Five fruitful moments from the 2017 Food Summit

Learning, sharing, and growing at CFCC's 2017 Food Summit

Building a food movement can be hard work! So it's especially rewarding to bring together staff from member Good Food Organizations and Community Food Centres to share, learn, engage, and connect. In April 2017, we were proud to gather more than 150 people from 60 of our partner organizations at CFCC's third annual Food Summit in Toronto for an intense weekend of inspiration. We heard so many amazing stories of change happening in communities from coast to coast, and we’ve been buzzing with energy and motivation ever since. Here are some of the most memorable moments.

If you'd like to attend our 2018 Food Summit, consider becoming a member Good Food Organization. The GFO program will be opening a new round of applications in September 2017 — join the good food movement!

Witnessing the work first-hand

We kicked things off with tours at the Hamilton Community Food Centre, The Stop Community Food Centre, and the South Riverdale Community Health Centre. Each visit included a tour of the space, and opportunities to speak with staff running community kitchens, gardens, and other programming. A participant who visited the Hamilton CFC told us: "[They were] great at describing the organization's evolution and thought process, and everyone was very open and welcoming. I loved the delicious homemade snacks!"

“We need to shake those trees”

Our Friday night event Fair Food Nation: Envisioning a future where food is a basic right, featured a panel discussion with Debbie Field, outgoing Executive Director of FoodShare, Tabitha Martens, mixed-ancestry Cree researcher and PhD candidate at the University of Manitoba, and Andy Fisher, U.S. community food activist and author of Big Hunger: The Unholy Alliance between Corporate America and Anti-Hunger Groups. They spoke to a crowd of almost 300 about how an investment in food can lead to community and social change. According to Andy Fisher, we should procure food with values, not just food that is a good value. As he puts it, "cheap food comes with a side dish of collateral damage." Debbie Field pointed out that in Canada we have subsidized transit, libraries, healthcare, and housing, but not subsidized food, and cited the dignified solutions that are increasing access to affordable food in places like Barcelona. Nick Saul, who moderated the discussion, said “the question isn’t whether we need to fix the food system. It’s how fast can we do it?” Tabitha Martens shared insights on Indigenous food sovereignty and the importance of maintaining connection between our food and the land it’s grown on. With respect to how we achieve our goals, she stated, “we need to shake those trees.”

Planting seeds of knowledge

Participants chose between 22 workshops over the weekend on topics ranging from how to develop fruit and vegetable subscription programs, to using social discomfort as a tool to engage diverse audiences, to the "Nudge vs. Shove" — a lively debate on the best ways to encourage healthier eating.

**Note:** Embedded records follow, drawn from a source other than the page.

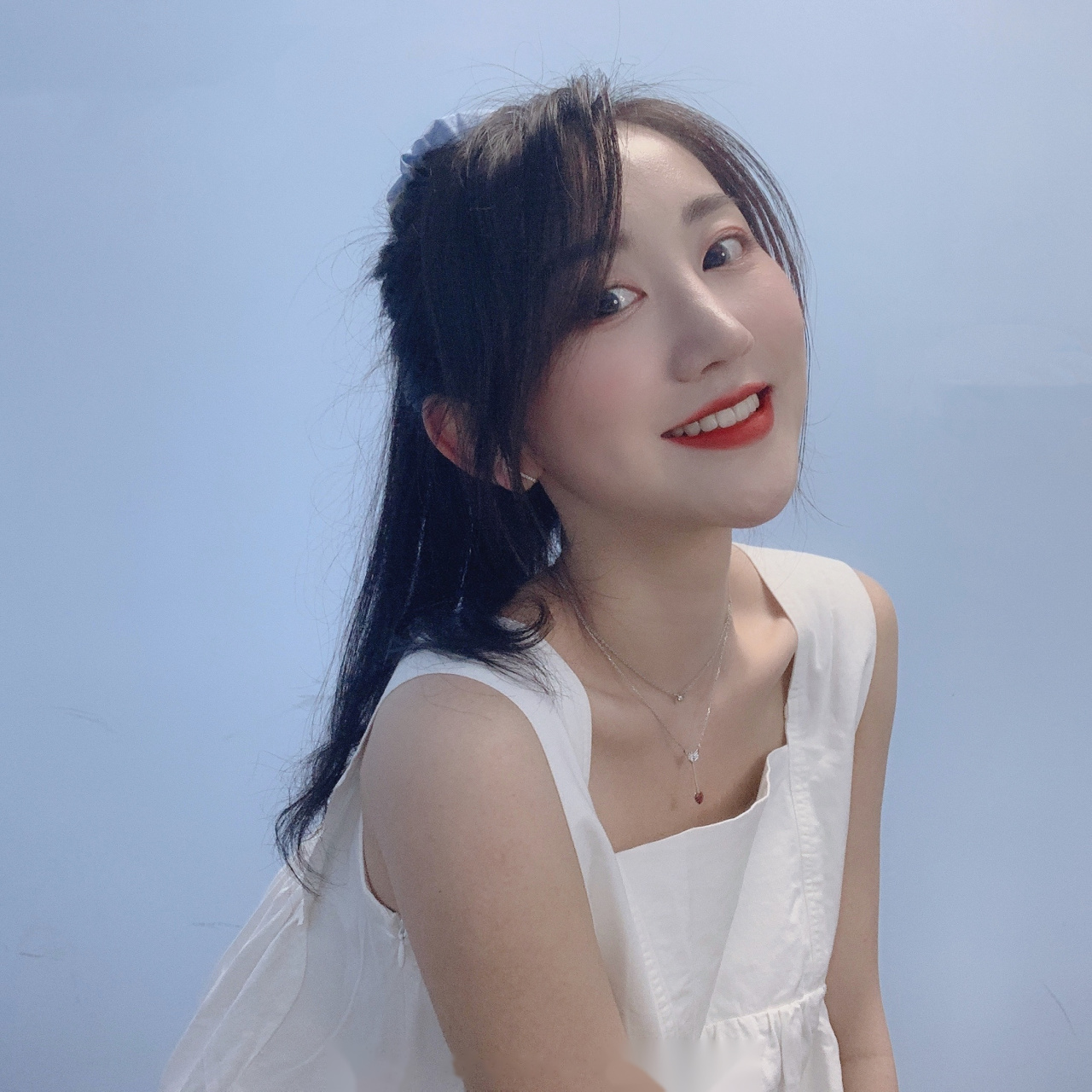 sing秦瑜 [给你小心心]sing女团 [给你小心心] 女生还蛮奇怪的,明明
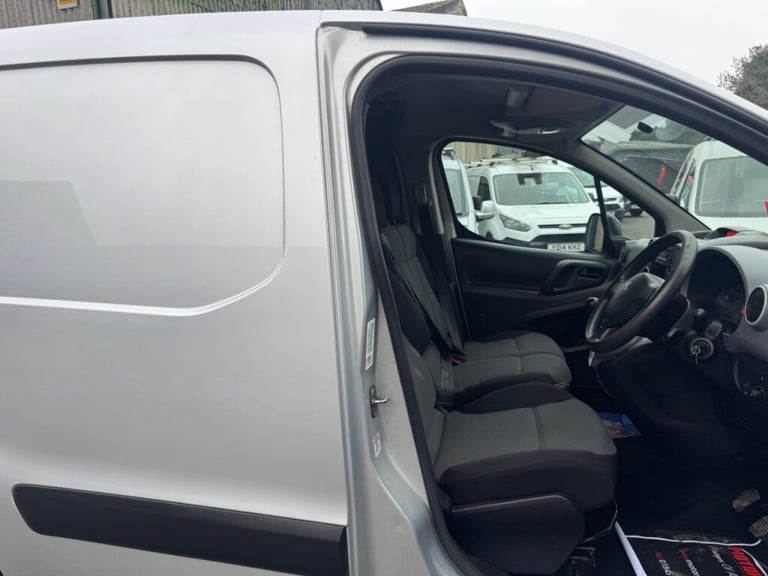  Peugeot Partner 850 SE 1.6 BlueHDi 100 VAN!+AIR CON!+CRUISE CONTROL!+SE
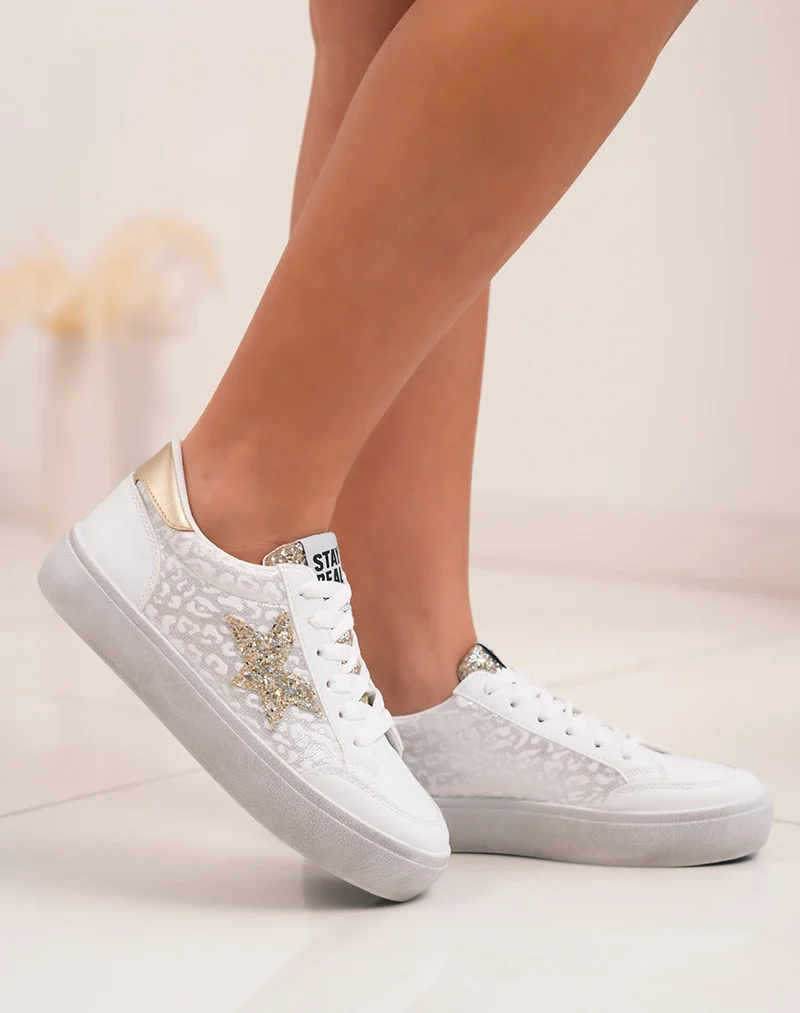 Baskets femme blanches élégantes avec étoiles pailletées et détails dorés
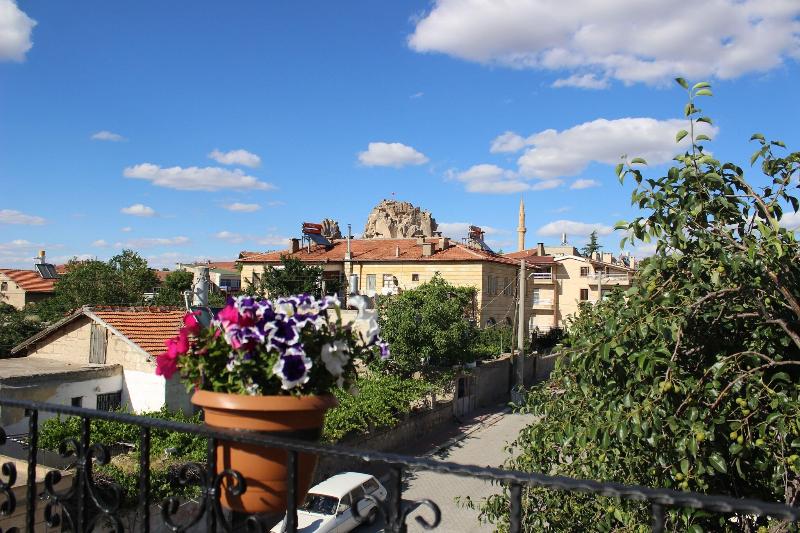 Capiedra Hotel image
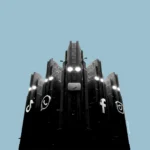 Alternative soziale Medien. Fünf imposante und bedrohliche Gebäude mit Kameras und Augen, die die fünf großen Social-Media-Plattformen, YouTube, WhatsApp, Facebook, TikTok und Instagram repräsentieren.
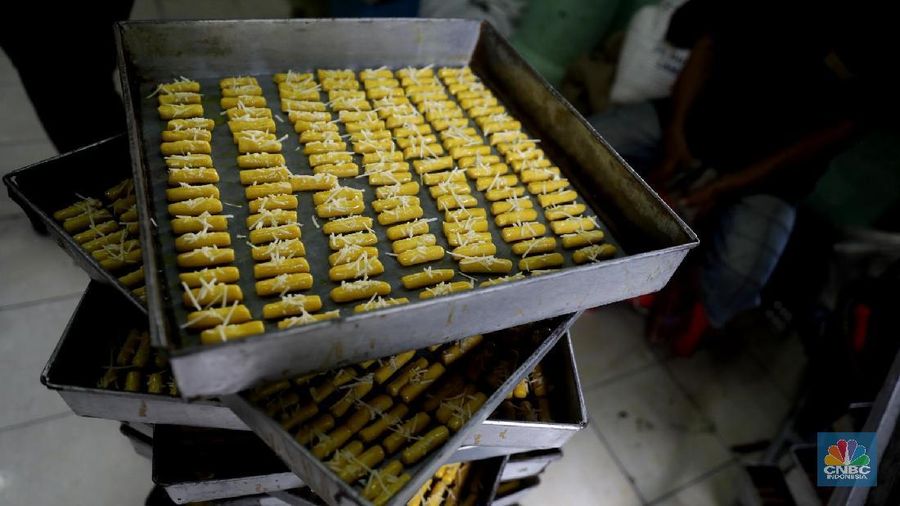 Harga kue yang dijual ke agen sekitar Rp. 50.000 hingga Rp. 70.000.
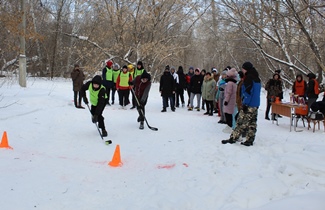 В парке «Юбилейный» прошли спортивные эстафеты «Зимние старты» 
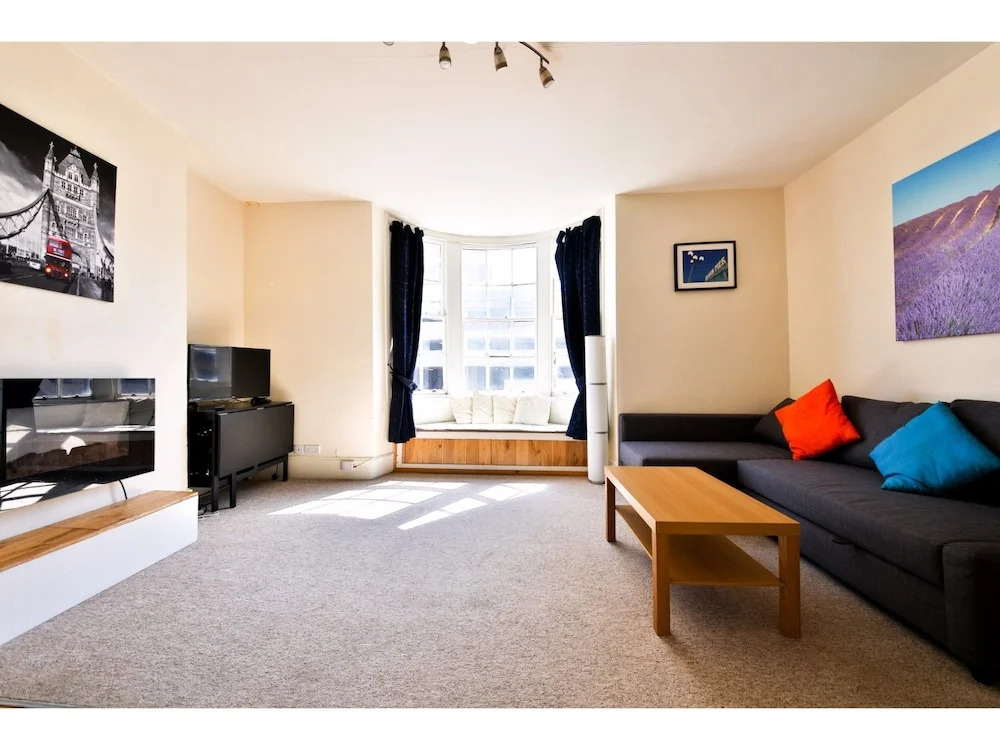 Quiet Flat for 4 With Sea View in Central Brighton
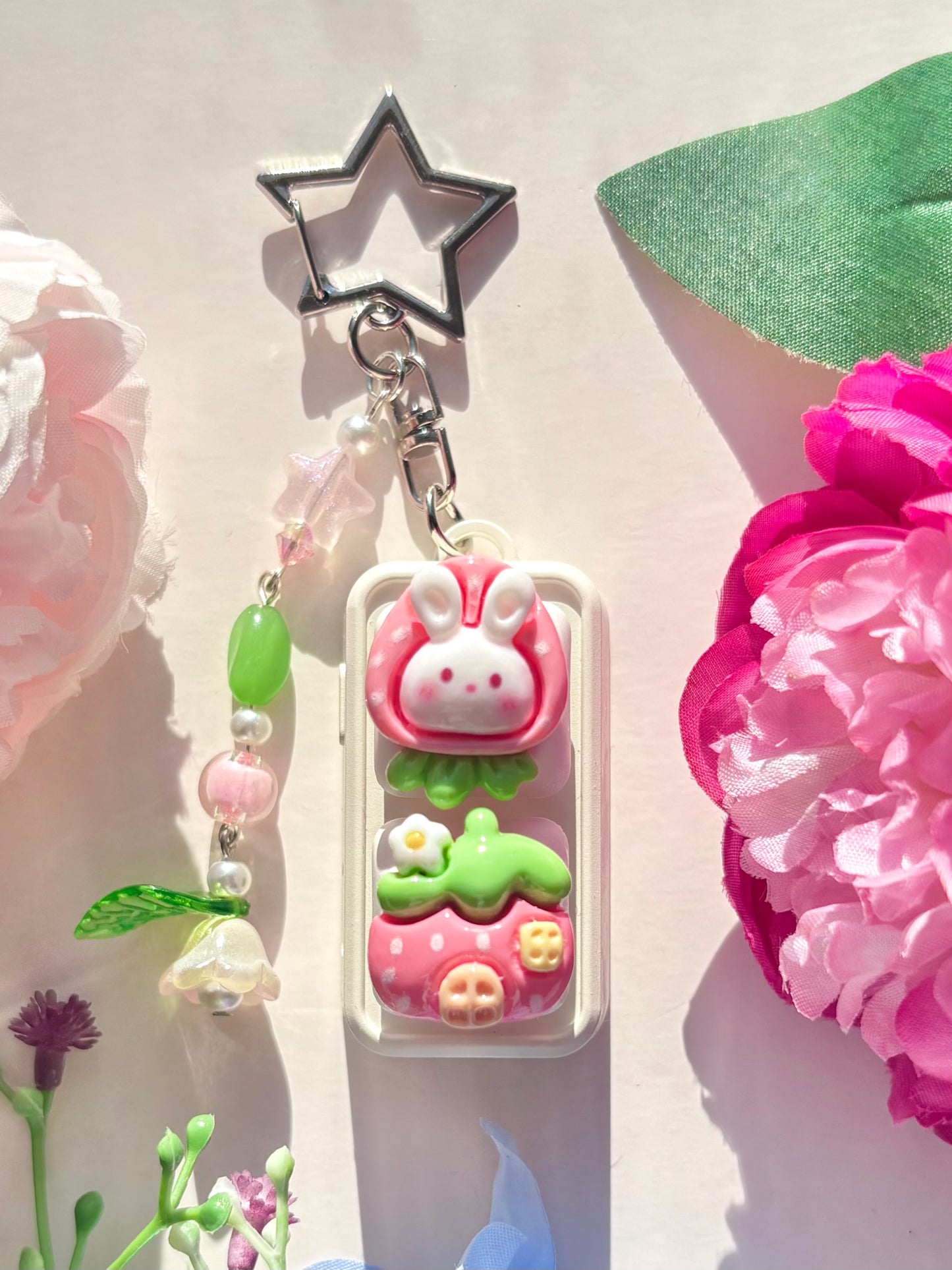 Mini Keyboard Page Turner | White Strawberry Bunny House 🐰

These sessions illustrate what the Food Summit is all about—providing opportunities for people to meet, learn from each other, and exchange best practices.

Focus on Indigenous communities

The Land and Spirit: Indigenous Responses to Food Insecurity session emphasized that in order to uphold and respect traditional food practices, we need to engage with and learn from Indigenous communities. Presenters Chad Duplessie, Erica Ward, Danielle Boissoneau, and Joce Trembley shared insights from their work developing urban partnerships in Toronto and Hamilton, and projects on reserves in New Brunswick. They discussed efforts to reintroduce Indigenous approaches to food and land, and underlined how important it is to ensure Indigenous people are at the centre of this work. 

We can build a movement together

The time is ripe for change, and there’s a lot of fruitful resistance happening through the inspiring work of our Community Food Centres and Good Food Organizations. We heard a myriad of stories about community progress over the weekend, and as Nick Saul phrased it, hearing them is “like oxygen to us.” The energy of our partner organizations breathes life into the good food movement we’re building, and more voices than ever are coming to the table to help fight for a fair and healthy food system. Together, we’re changing the conversation around food policy with a clear message: that access to healthy food is a basic right.

Thank you to all who attended, presented, and supported for making the weekend so inspirational and memorable. We can’t wait to do it all again next year!